Bryce Canyon National Park

Sep 22, 2022
4 tweets

Should we share the good news or the other news first? 🍂 Let's start with the good. Happy first day of fall! As the sun rose over Bristlecone Point, the first blushes of yellow were visible in the leaves of quaking aspen along Navajo Loop. ⬇️

A sunrise over a vast landscape of red rock spires, cliffs, and forest. A quaking aspen tree stands at right edge of frame, glowing in morning sun.
🚧 Now for the other news. Yesterday's heavy rainfall (1.92 inches, 8th highest daily rainfall on record) has caused washouts and unsafe conditions along the Wall Street side of Navajo Loop, necessitating a temporary closure of this section of trail.… ⬇️
A sign at the top of a red rock canyon reads CAution! Falling rocks are more common on the next 0.5 miles (0.8 km) of trail than any other trail in the park. Rockfalls are unpredictable, can occur at any time, and may result in serious injury or death. Furthermore, loose pebbels on the trails act like marbles beneath your feet. Prevent broken ankles. Wear hiking boots with lug traciton and ankle support. Consider these ricks when hiking this trail.
✅ At this time the Two Bridges side of Navajo Loop and all other previously open trails remain open.
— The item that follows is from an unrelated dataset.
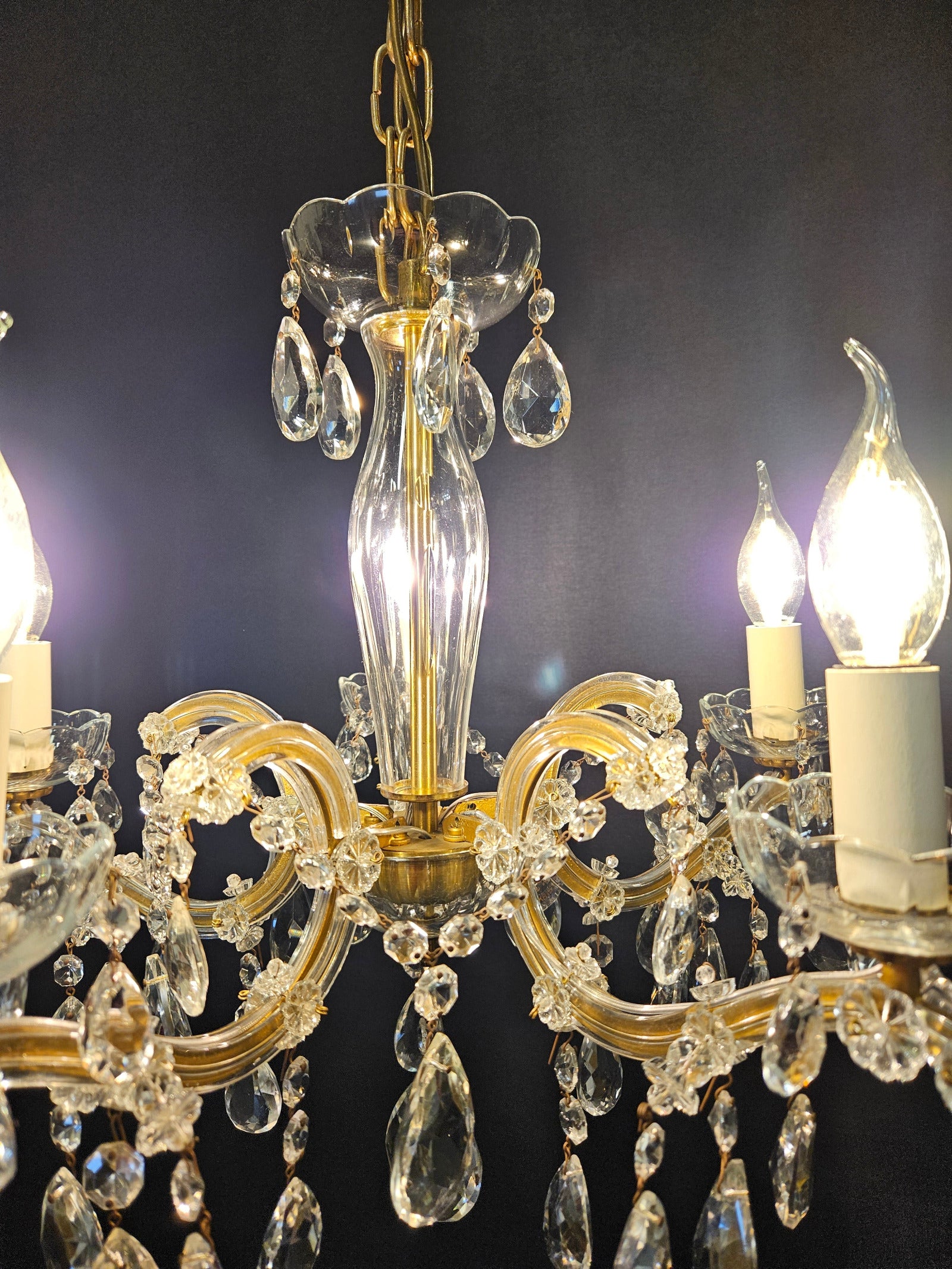 5-Arm Marie Therese Chandelier_lit up closer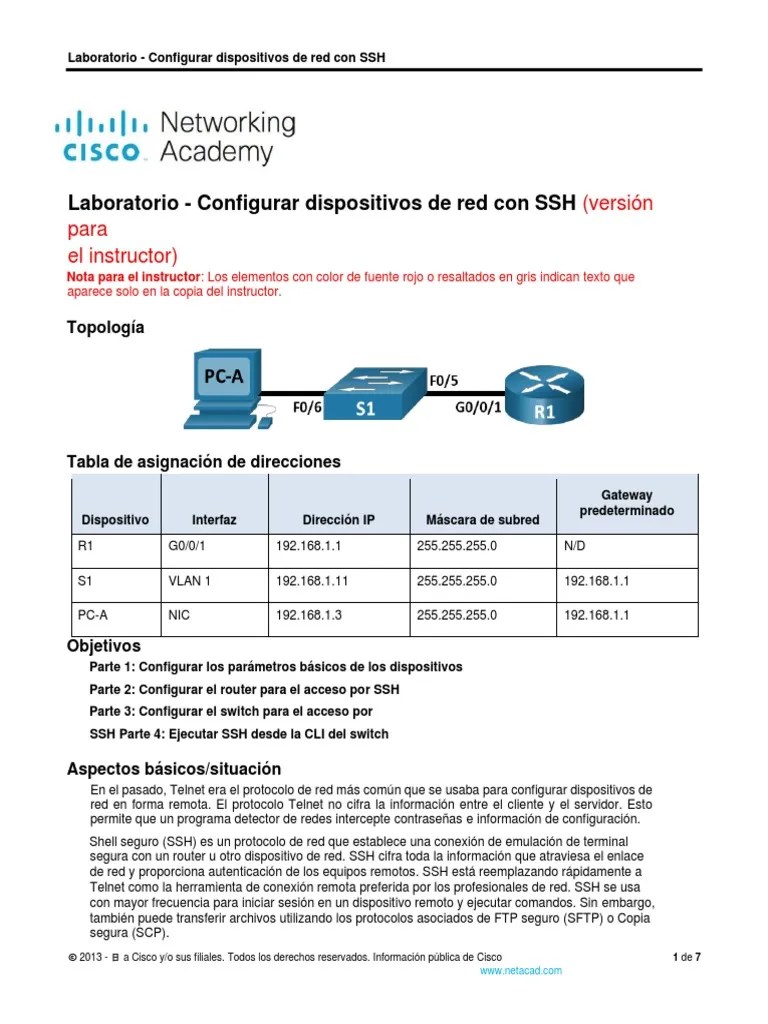 16.4.7 Lab Configure Network Devices With SSH SGG PDF Cubierta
Hikers should be prepared for the likelihood of mud and washouts on all park trails. We'll share further updates as they become available.
Wooden sign reading Loose rocks, Steep Trails, Boots Recommended. Two hikers step along path beside it. In the background a vast landscape of red rock spires and cliffs beneath a blue sky.
Images of current trail damage along the Wall Street side of Navajo Loop following yesterday's heavy rains. Trail crews are currently at work making repairs to this area while others are assessed. We'll continue to share updates as they become available.…
Hikers travel along trail strewn with rock debris and collapsed retaining walls after flooding event.
Rock debris and collapsed retraining walls along red rock canyon trail after flooding event.
Hiker stands along trail in forested red rock canyon surveying debris flows and trail erosion after flooding event.